EXERCISE INSTRUCTIONS —
Each record below must come back exactly as written; its pictures must not.

··· SOURCE MATERIAL ···

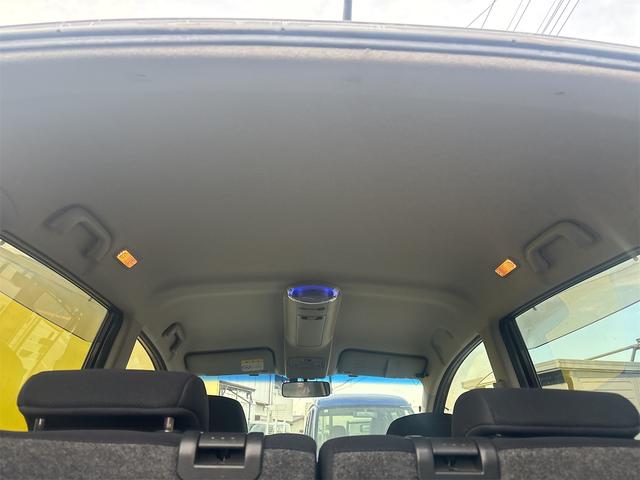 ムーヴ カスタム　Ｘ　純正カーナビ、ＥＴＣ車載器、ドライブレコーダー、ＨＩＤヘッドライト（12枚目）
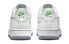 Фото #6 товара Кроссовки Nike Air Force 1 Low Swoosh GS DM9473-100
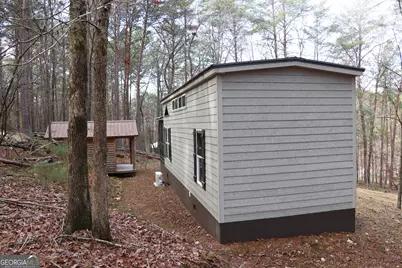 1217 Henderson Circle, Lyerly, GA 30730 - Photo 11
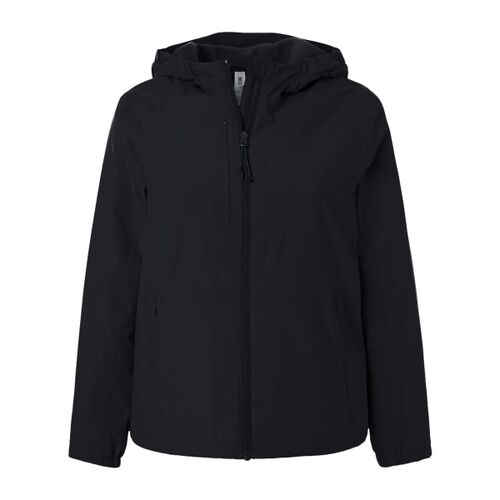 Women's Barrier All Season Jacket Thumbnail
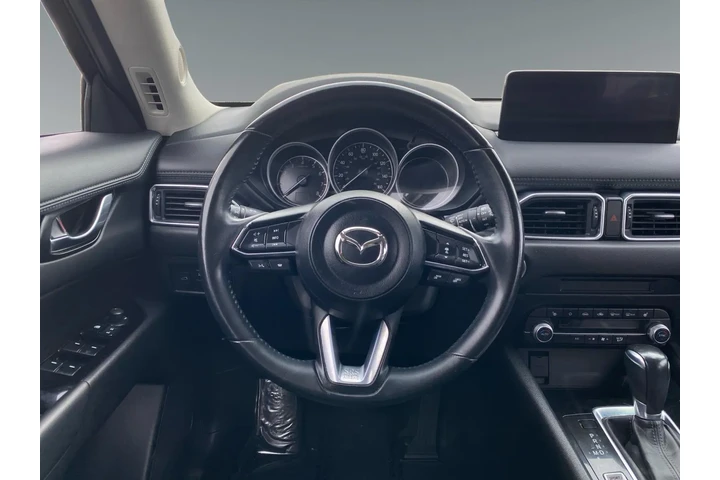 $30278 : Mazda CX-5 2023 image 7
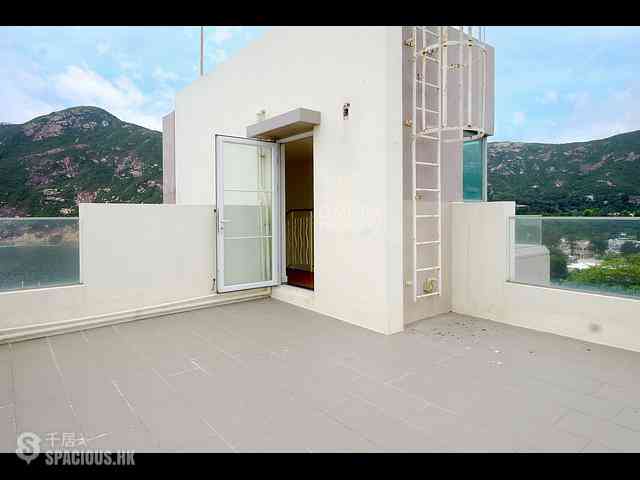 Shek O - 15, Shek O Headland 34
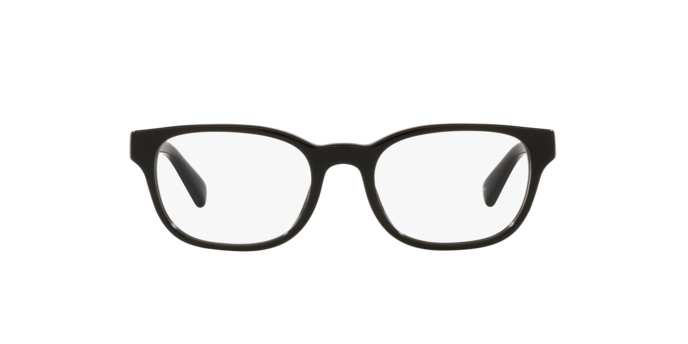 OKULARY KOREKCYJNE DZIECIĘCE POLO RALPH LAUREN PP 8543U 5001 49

···

RESPONSE TO THE TASK —
 ムーヴ カスタム　Ｘ　純正カーナビ、ＥＴＣ車載器、ドライブレコーダー、ＨＩＤヘッドライト（12枚目）
 Фото #6 товара Кроссовки Nike Air Force 1 Low Swoosh GS DM9473-100
 1217 Henderson Circle, Lyerly, GA 30730 - Photo 11
 Women's Barrier All Season Jacket Thumbnail
 $30278 : Mazda CX-5 2023 image 7
 Shek O - 15, Shek O Headland 34
 OKULARY KOREKCYJNE DZIECIĘCE POLO RALPH LAUREN PP 8543U 5001 49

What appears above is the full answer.